October 14th, 2008 | argument, problem solving, Storytelling | 1 comment

Is there evidence of voting fraud? Not if you look at all the facts.

Lawyers are skeptics not because they are innately skeptical but because they are trained by experience not to trust the first plausible explanation of a given set of facts.

ACORN is very much in the news these days. As the New York Post reports, “The vote of Darnell Nash, one of four people subpoenaed in a Cuyahoga County probe of ACORN’s voter-registration activities, was canceled and his case was turned over to local prosecutors and law enforcement, Board of Elections officials said yesterday. Nash had registered to vote repeatedly from an address that belonged to a legitimately registered voter, officials said during a hearing at which the subpoenaed voters were to testify.”

News like this provokes Sarah Palin to declare, “The left-wing activist group, ACORN, is now under investigation for voter registration fraud in a number of battleground states… We can’t allow leftist groups like ACORN to steal this election.”

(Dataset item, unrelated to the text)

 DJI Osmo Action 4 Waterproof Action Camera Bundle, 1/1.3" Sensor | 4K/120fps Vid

Let’s take a look at this news. First, as my colleague Jonathan Adler points out, “Of course registration fraud and actual voter fraud are not the same thing.” (emphasis added) In other words, the fact someone is fraudulently registered does not mean that he will or can get away with fraudulently voting. In fact, there is no evidence in recent history of any voter fraud involving voting by fraudulently registered voters. Jon would counter that registration fraud makes it impossible or at least very difficult to prove voting fraud.

First, I’m not sure why that’s true. Voting fraud investigations would look into whether people who had voted were properly registered. The same evidence available in the prosecution of registration fraud would therefore be available.

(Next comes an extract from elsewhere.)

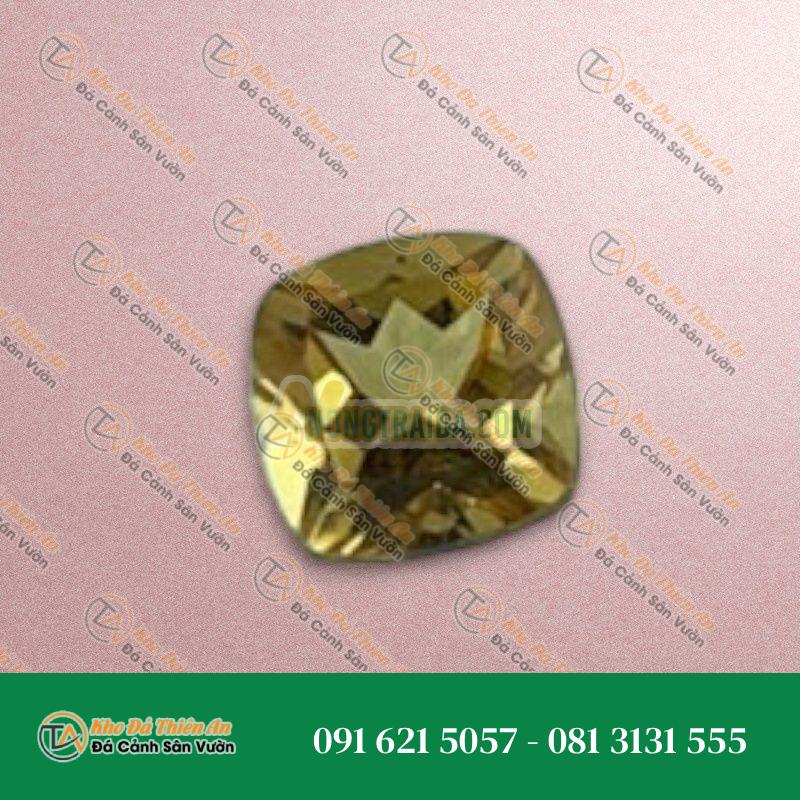 Mặt đá thạch anh vàng Citrine vuông cus 6mm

Second, it’s at least suspicious that the eruption of investigations and prosecutions of alleged registration fraud shortly before an election follows so closely the pattern that David Iglesias, the former U.S. Attorney in New Mexico, points to as the background of his firing by the Bush administration. Having investigated such allegations and found them inadequate to support any prosecution for voting fraud, Iglesias was fire, apparently for not following the Republican script. Now the Mukasey Justice Department appointed a special prosecutor to look into the firing of Iglesias and several other U.S. Attorneys.

Iglesias has explained that he was pressured to bring these types of voter fraud claims by Republicans in New Mexico shortly before elections in order, in his view, to influence the elections. He investigated the claims and concluded there was no basis for prosecution. Is there suddenly now evidence for identical prosecutions?

So is there widespread work to get enough fraudulent voters on the rolls to elect Obama? I doubt it. In fact, I am prepared to say, no way.

Addendum:

U.S. Department of Justice crime statistics cast doubt on the existence of widespread voter fraud. According to a report by the Justice Department’s Criminal Division on prosecutions between October 2002 and September 2005, the Justice Department charged 95 people with “election fraud” and convicted 55. Among those, however, just 17 individuals were convicted for casting fraudulent ballots; cases against three other individuals were pending at the time of the report. Further, on April 12, 2007, The New York Times reported, “Five years after the Bush administration began a crackdown on voter fraud, the Justice Department has turned up virtually no evidence of any organized effort to skew federal elections, according to court records and interviews.”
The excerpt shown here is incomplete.